5. Flash Effect of Composite Rubies
One of the known characteristics of composite rubies made by lead glass filling is the slight blue color flash effect. This will be visible through a standard jewelers microscope. The different refractive levels of the low quality natural sapphire host and lead glass causes these blue to violet color flashes.
6. Dip Some Household Cleaning
When glass filled sapphire come into contact with household cleaners, acids or alcohol, the glass filling of the fractures gets damaged and etched. Then these fracture fillings become much more visible with some level of magnification. The complete appearance of the fake gemstone can be visibly tarnished by doing this whereas a natural sapphire will stand strong.

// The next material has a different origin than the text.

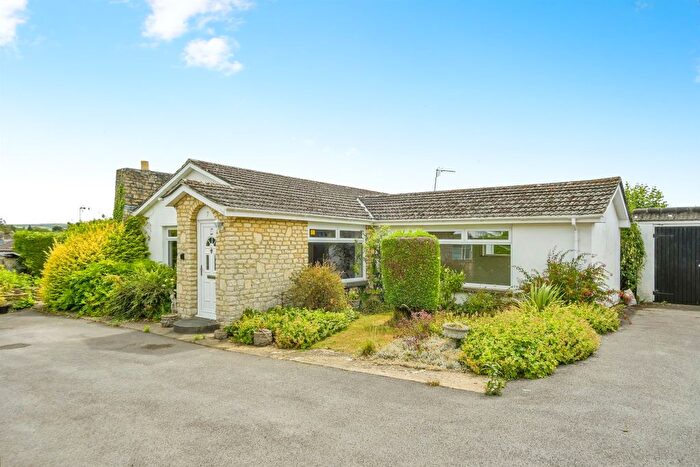 3 Bedroom Detached Bungalow For Sale In Avebury Close, Calne, SN11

7. Air Bubbles and Reflective Black Spots
One of the most evident feature of glass filled sapphire is the abundant amount of bubbles in the interior of the gemstone. Sometimes these bubbles can be seen as slightly reflective tiny black spots. These will be readily visible with a certain level of magnification or even to the naked eye if inspected very closely under different lighting conditions.
8. Breath on to the Sapphire
Another accepted method is to do a fog test. Breath on to the surface of the sapphire until it gets fogged. If the fog clears out instantly, the sapphire can be real, whereas composite sapphire may take few seconds to clear. This is considered taking place due to high heat conductivity of the sapphire. However with the new lead and sometimes cobalt glass filled sapphires may not be accurately measured with this method.
9. Certification by a Recognized Institute
A fake sapphire can also be elusive to all above testing methods. If the value of the sapphire that you intend to purchase is quite significant, it will be prudent to have the stone inspected with a reputed institute like American Geological Laboratories or from Gemological Institution of America. An independent and experienced jeweler can also spot above mentioned properties through some standard tests.
A known origin for composite glass filled sapphire is Bangkok. Thailand has a history of gem trading dating back to many years making them the most prominent intermediary. Also some of these fake sapphires were detected in Hong Kong, United Kingdom and even in the gem markets in USA.
It’s always reliable to reach the origin, if you are particular about certain sapphire origins like Ceylon Sapphire. However it is always good to trust your instincts and make sure sapphire accompanies some sort of a certification. Finally, happy sapphire hunting.